Baking a better sponge

My first attempt at sponge cake was pretty good but in need of some tweaking. The coffee flavour really didn't come through and I could taste the egg, despite assurances from everyone else that it was perfectly fine. This time I tweaked the recipe a bit to include some of the other ingredients I've seen online. The result was much better, a bit sweeter without being cloying, and still with the light texture you want from a sponge cake.

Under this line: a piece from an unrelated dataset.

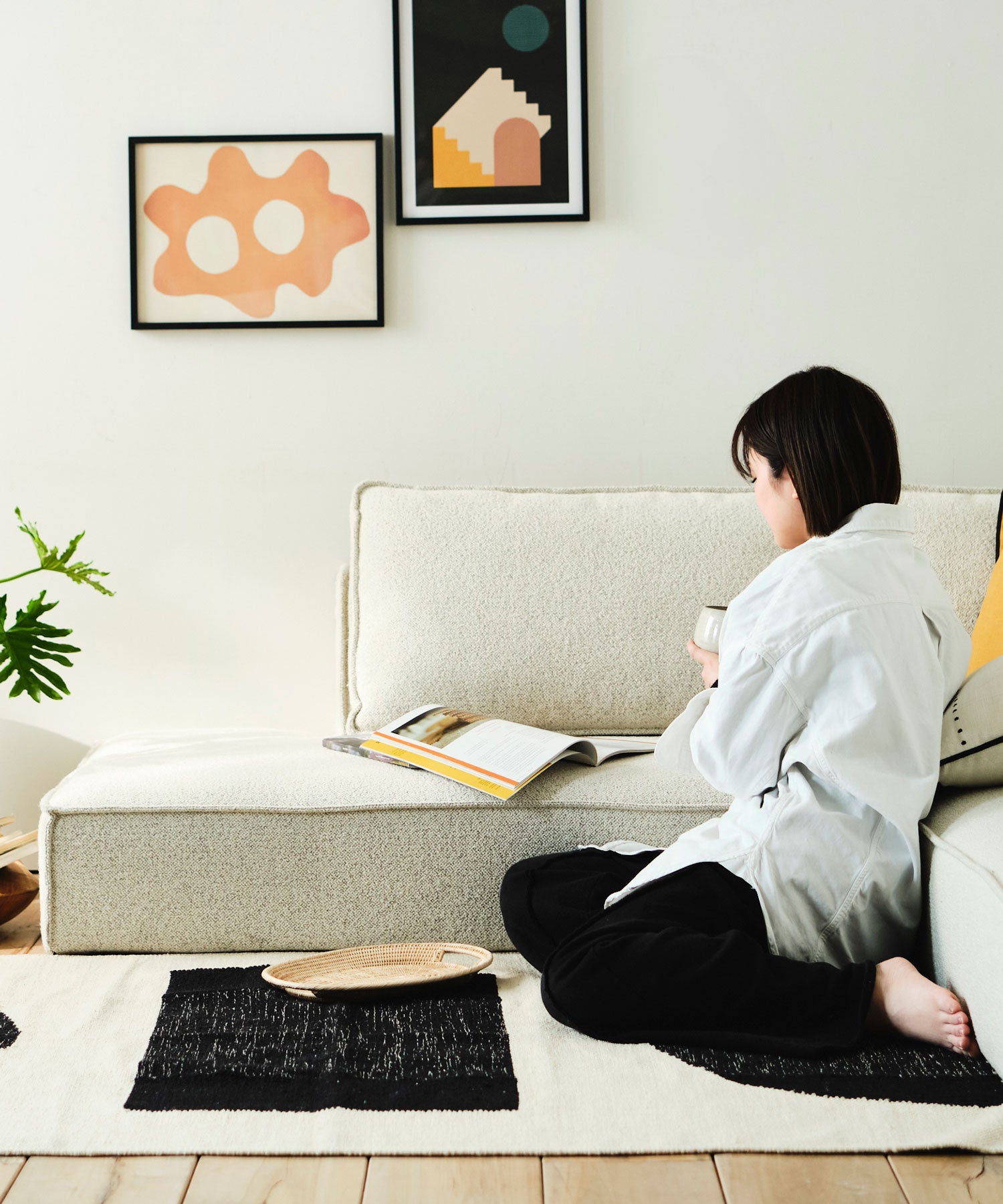 脚を外せば床に近いローソファに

As it was a birthday cake, I decorated it with butter cream frosting and sprinkles on the side, butter cream frosting between the layers, and fondant icing on top. I think it would be much nicer with fresh whipped cream and strawberries, or perhaps a passionfruit glaze and whipped cream. I'll be making the basic recipe again and trying it out with loads of variations as it's really pretty easy when you've got a good mixer.

Vanilla sponge

4 eggs, separated
pinch of salt
3/4 cup of castor sugar
1 tspn vanilla essence
1 cup wheaten cornflour
1 tspn cream of tartar
1 tbspn custard powder
1/2 tspn bicarb soda

Method

Preheat the oven to 175 Celsius. Grease and flour two 20 cm sandwich pans. Beat the egg whites with the salt until soft peaks form. Gradually add the sugar and continue beating until the sugar has dissolved and the whites are stiff. Fold in the yolks and vanilla, being careful not to lose volume from the whites. Sift the remaining dry ingredients at least three times. Gently fold through the egg mixture. Divide batter into prepared pans and bake 20 - 25 minutes until sides have shrunk from the edges of the pans.